LAS VEGAS — The producer of a documentary about sex trafficking in Las Vegas and Nevada said Monday he expects a flood of hotline calls after his show about the exploitation of children and young adults airs statewide this week.
Pastor Troy Martinez called the 30-minute program titled “Trafficked No More” a beginning for addressing the problem, not a cure-all.
TV stations around the state have agreed to air the video at the same time: 7:30 p.m. Wednesday.
Martinez, the pastor at East Vegas Christian Center, said a woman who viewed a four-minute preview of the show at a church Jan. 12 came forward to seek help to get out of a life of prostitution.

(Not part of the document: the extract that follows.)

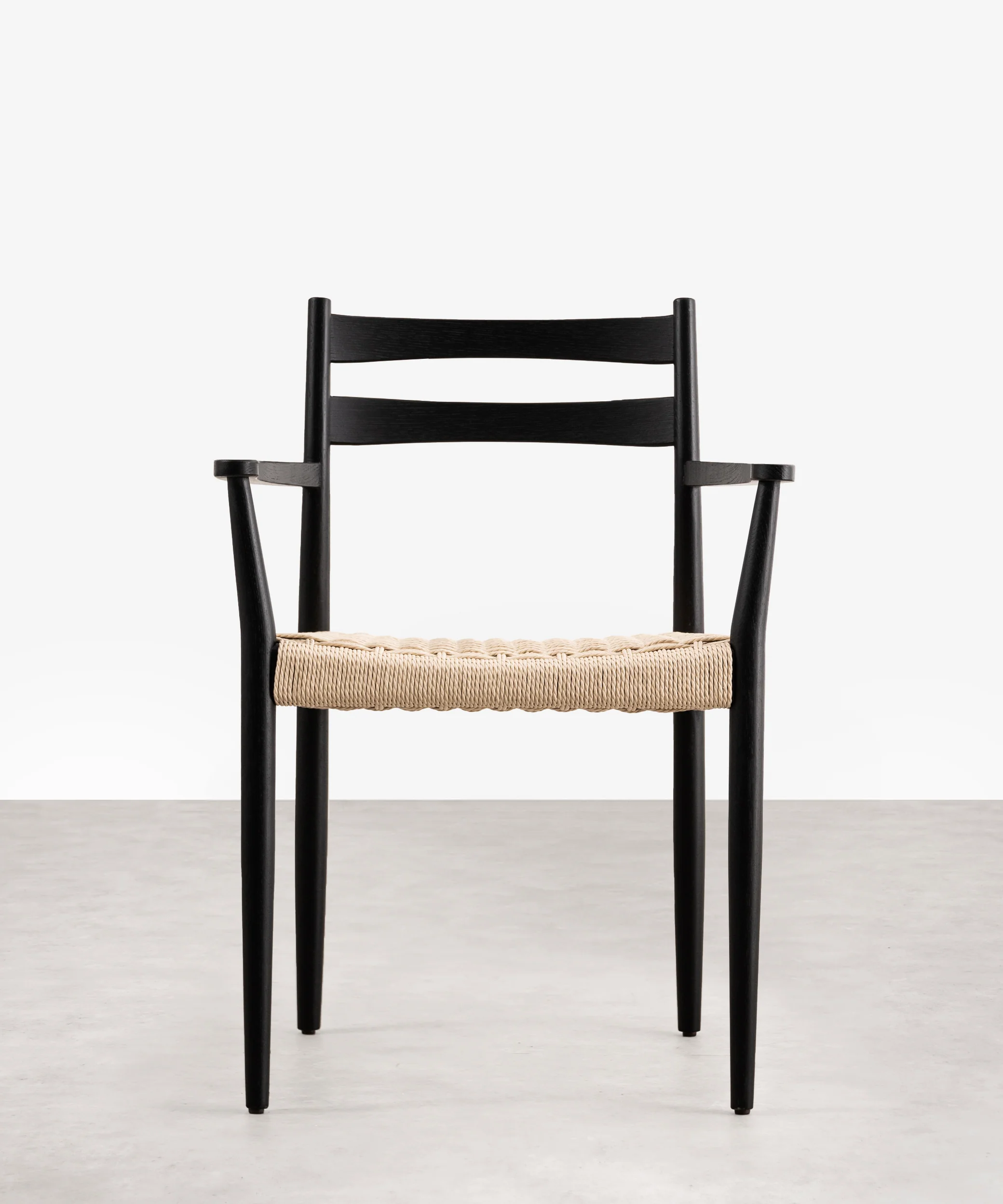 Silla de Comedor en Madera y Cuerda Trenzada con Reposabrazos Nona Arms - Image 19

“Our goal is, one, to raise awareness so we can get immediate help for those who are trapped now, and, two, to begin to create layers of prevention,” he said.
The program highlights new state laws that identify sex trafficking, stiffen prison sentences for pimps convicted of trafficking, and provide help to victims.
A key provision of the law presumes that a prostitute cannot consent to being trafficked.
Martinez said that in the first 11 days of the new year, nine girls were identified as sex-trafficking victims in the Las Vegas police jurisdiction, including the Strip and Clark County suburbs. The youngest was 12.
Las Vegas police reported last year that almost three in five of the 410 victims of sex trafficking identified by police in 2011 and 2012 were children.
Prostitution is legal and regulated in most rural counties in Nevada but illegal in counties surrounding the state’s two largest cities, Las Vegas and Reno.
Martinez founded a nonprofit in 1998 called 10,000 Kids, aiming at gang and drug-abuse prevention. He began heading the Nevada Sex Trafficking Awareness Campaign two years ago.
He said the next step is to distribute “Trafficked No More” handbooks to middle- and high-school students with an age-appropriate resource list.